Your copy should hold only the lines from the one with "cropped-firecracker-chicken-with-chopsticks.jpg" to the one with "Photo 23 of", both included, each exactly as it stands below, with no pictures.

Data for this exercise.

********

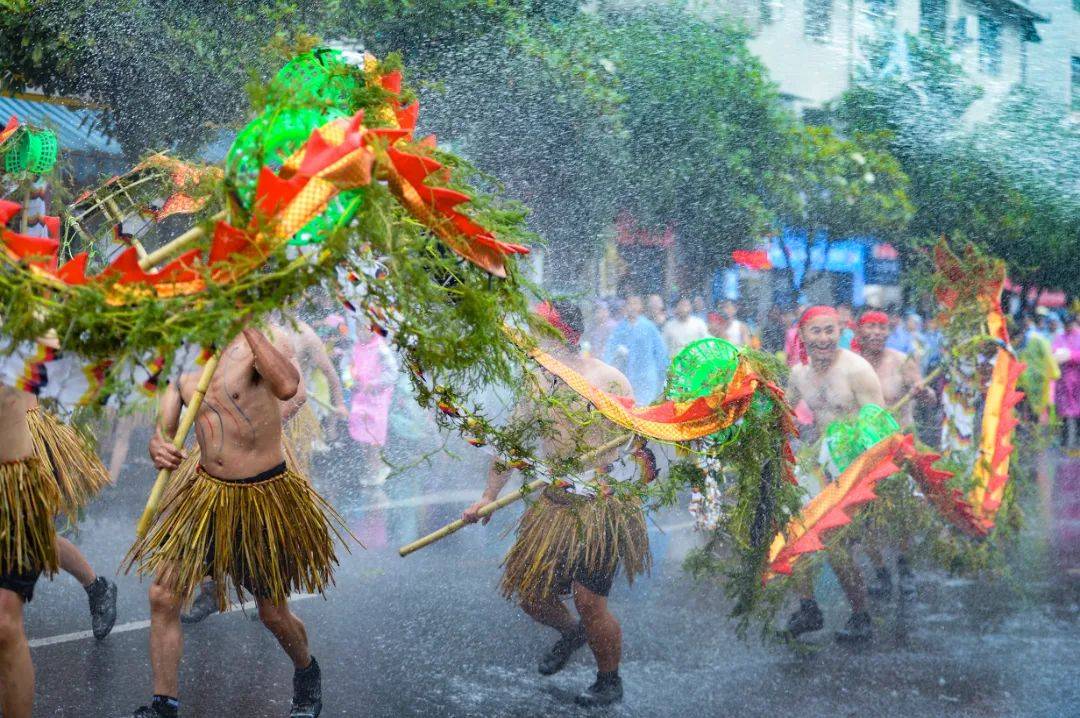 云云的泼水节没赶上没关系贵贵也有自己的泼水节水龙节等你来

********

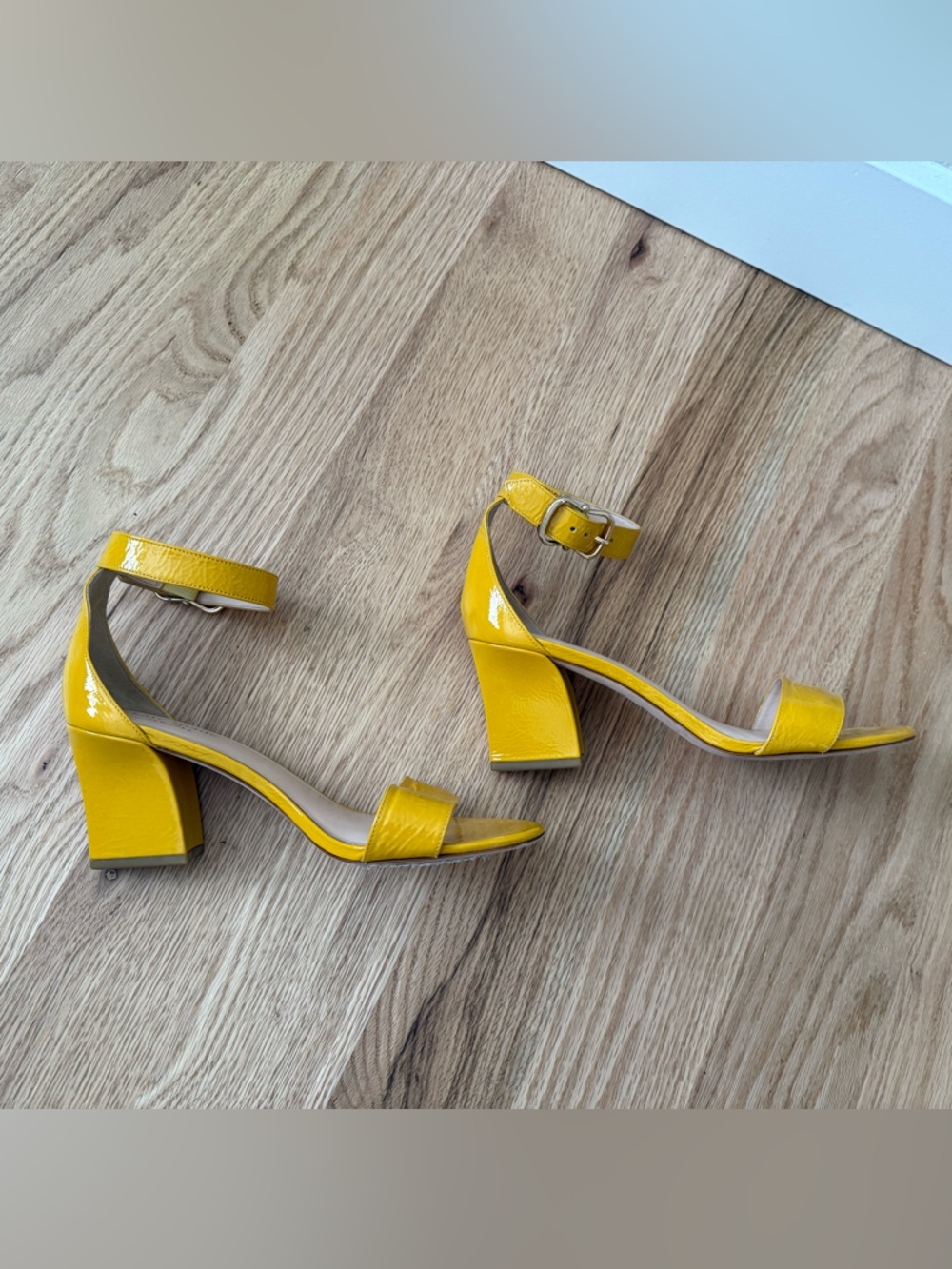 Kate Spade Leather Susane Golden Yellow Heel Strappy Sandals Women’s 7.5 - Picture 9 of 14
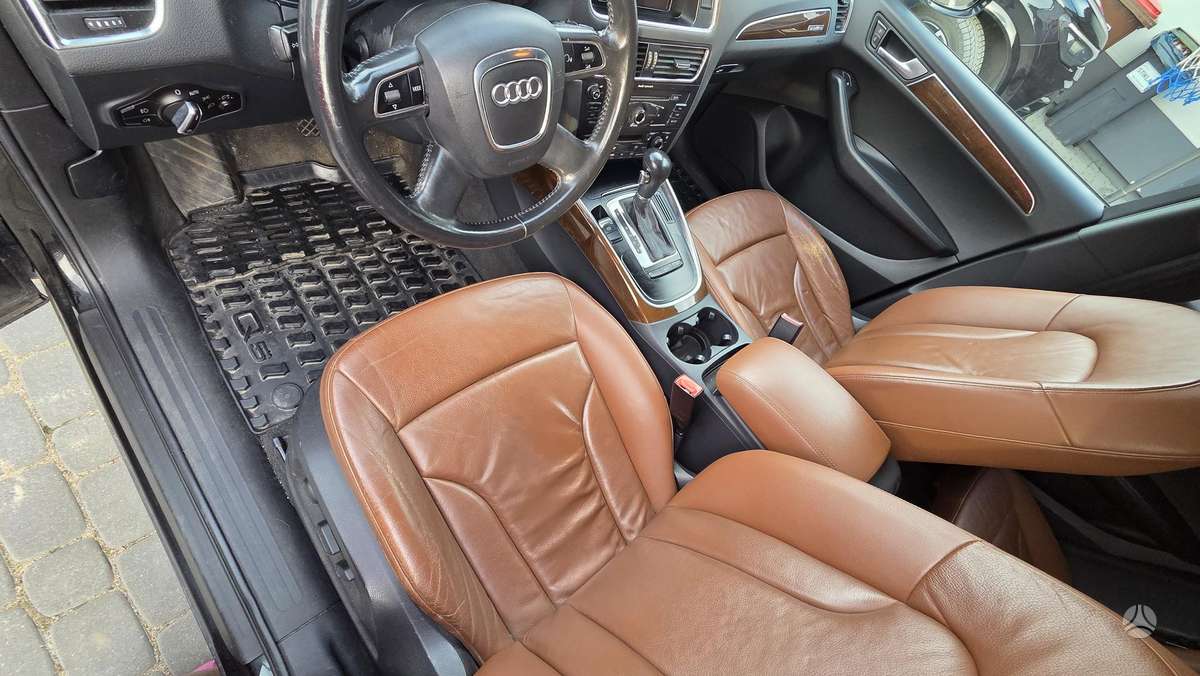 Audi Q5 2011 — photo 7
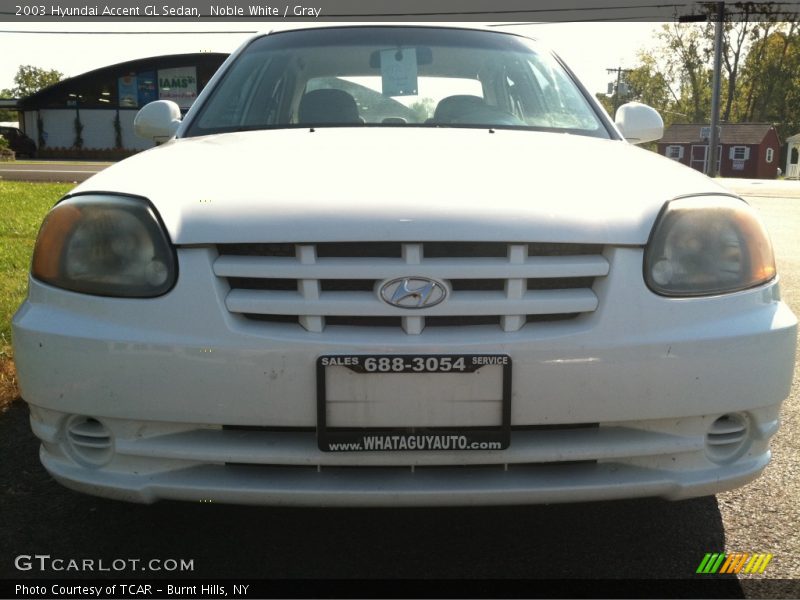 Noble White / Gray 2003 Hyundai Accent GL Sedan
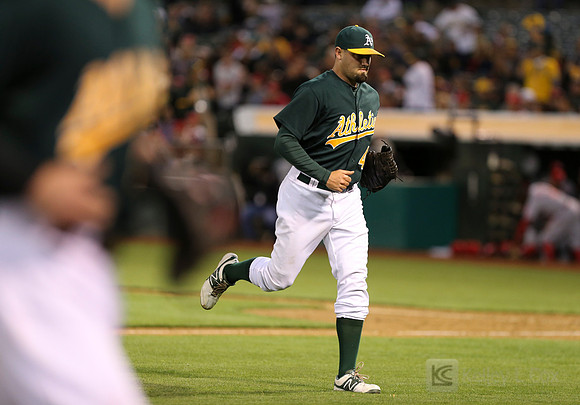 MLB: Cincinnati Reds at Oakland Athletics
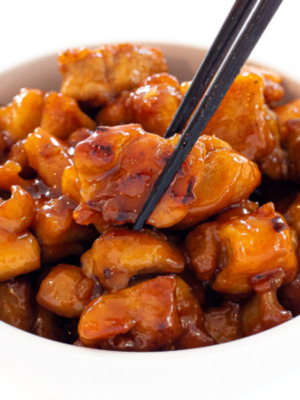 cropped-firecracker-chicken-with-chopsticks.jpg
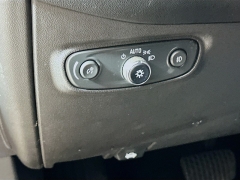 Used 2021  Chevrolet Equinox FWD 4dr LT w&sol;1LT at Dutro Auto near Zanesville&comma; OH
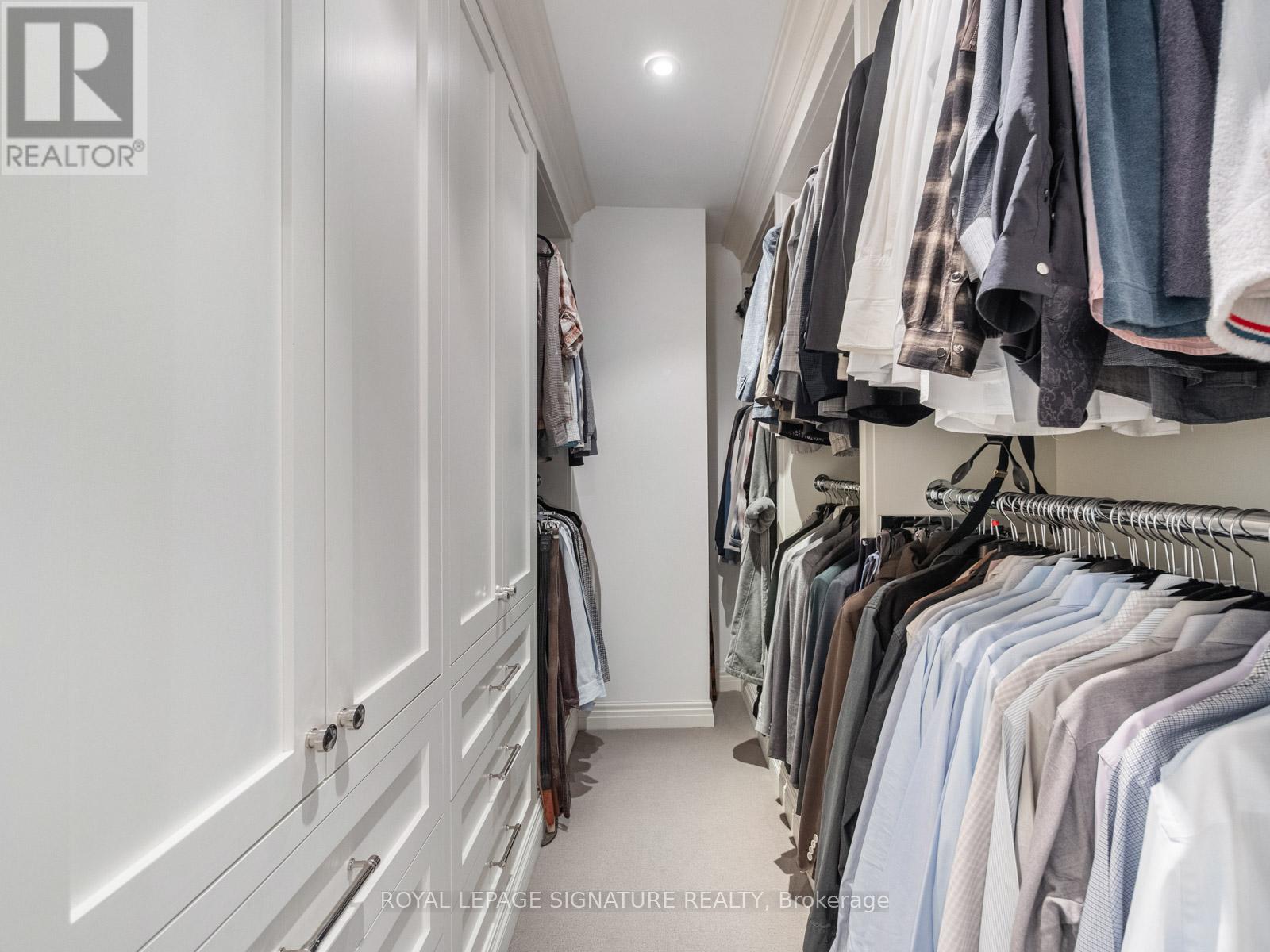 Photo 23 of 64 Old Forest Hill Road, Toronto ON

********

Solved exercise.
 cropped-firecracker-chicken-with-chopsticks.jpg
 Used 2021  Chevrolet Equinox FWD 4dr LT w&sol;1LT at Dutro Auto near Zanesville&comma; OH
 Photo 23 of 64 Old Forest Hill Road, Toronto ON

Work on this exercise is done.